The Times noted, “People on both sides have sought to portray the election as the repeat of the ideological battles of the turbulent 1990s, when Mr. Fujimori’s hard-line policies brought the nation peace at the cost of suppressing democracy and civil rights.”
Castillo has denied any support for the Shining Path and has tried to tame his party’s Marxist economic policy proposals since he emerged as the leading candidate in April. His spokesperson in Congress, Betssy Chavez, condemned his political opponents for linking the murders to his political agenda.
“We condemn the political use that Fujimorism is making of this tragedy,” she wrote on Twitter.
Although Castillo has been leading the polls, Ms. Fujimori has managed to close the gap in recent weeks giving her what appears to be a good shot at beating out her left-wing rival in most national surveys, according to The Times.
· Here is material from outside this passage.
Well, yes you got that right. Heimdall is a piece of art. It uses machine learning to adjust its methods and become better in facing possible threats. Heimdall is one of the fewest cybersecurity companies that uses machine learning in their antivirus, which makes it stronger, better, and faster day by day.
The pamphlets found on the victims of Sunday’s massacre reportedly urged residents to boycott the vote altogether and branded Fujimori supporters as traitors.
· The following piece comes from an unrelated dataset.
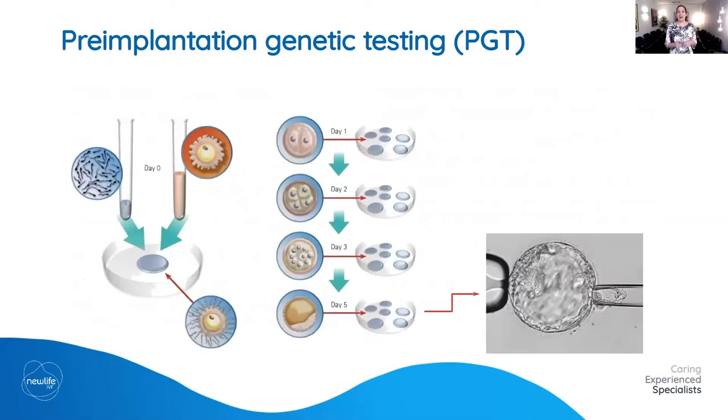The PGT process: eggs and sperm are combined to create embryos, which are grown over five days to blastocyst stage — sometimes day six to make testing easier. We then perform an embryo biopsy, taking a handful of cells from the outside of the embryo — the trophectoderm, which forms the placenta — being careful not to damage important structures. The embryo is frozen while the biopsied cells are tested. Generally, it takes about three weeks to get a result back.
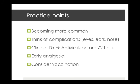A few practice points to finish: herpes zoster is becoming more common as our population ages. We must think of complications especially involving the eyes, ears, and nose and look for the signs of these. It's a clinical diagnosis — don't wait for viral swabs or blood results; jump onto antivirals before the 72-hour limit is reached. Treat any disseminated or complicated zoster with antivirals regardless of timing. Get early analgesia in to try to decrease the rate of post-herpetic neuralgia, and for those in appropriate age groups without contraindications, consider vaccination.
In other words, Marxists and a government trying to stave off a violent Marxist insurgency yet again may have to face off in the previously war-torn nation.
It does not take a lot of brainpower to put it together that, thanks to the full canon of 20th and 21st Century Marxist history, Marxist ideology is violent at its core no matter who stands up against it.
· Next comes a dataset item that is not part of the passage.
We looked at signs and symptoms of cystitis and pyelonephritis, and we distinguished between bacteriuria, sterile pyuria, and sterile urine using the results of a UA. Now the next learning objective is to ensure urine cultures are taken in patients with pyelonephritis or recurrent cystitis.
Marxists like the Shining Path believe in waging class warfare and in using violence as a means to further their agenda, and they will continue to do so as long as they have the resources and the cause to do so.
There is simply no other way to impose their ideology without violence, as state-governed collectivism can only be enforced at the end of a gun, ultimately. The Shining Path rebels were not innocent, principled freedom fighters; they were violent terrorists who blew up buildings, slaughtered innocents and openly waged war on a sovereign government to carry out their ideological agenda.
Whether suppressed by a leader with his own immoral governance or not, in a vacuum, the Shining Path would have still been violent — and clearly still is, if they are indeed responsible for this attack. We have seen millions upon millions of deaths at the hand of Marxist regimes since the founder of the ideology penned his first manifesto just to see the natural result of such an ideology, and it will never change.
And yet Marxism continues to appeal to lost, angry, confused and downright evil people everywhere all the same. This is not just happening in Peru, of course, but across the globe, as China continues to rise to power with millions of souls under its heel and pop progressive Marxism is dramatically changing culture and intimidating dissidents into silence or obscurity in the developed Western world.
For all the weapons Marxists have wielded over the years, it is their ideas that are the most dangerous, and it is their ideas that the lovers of freedom are up against if they wish to defeat this global scourge, once and for all.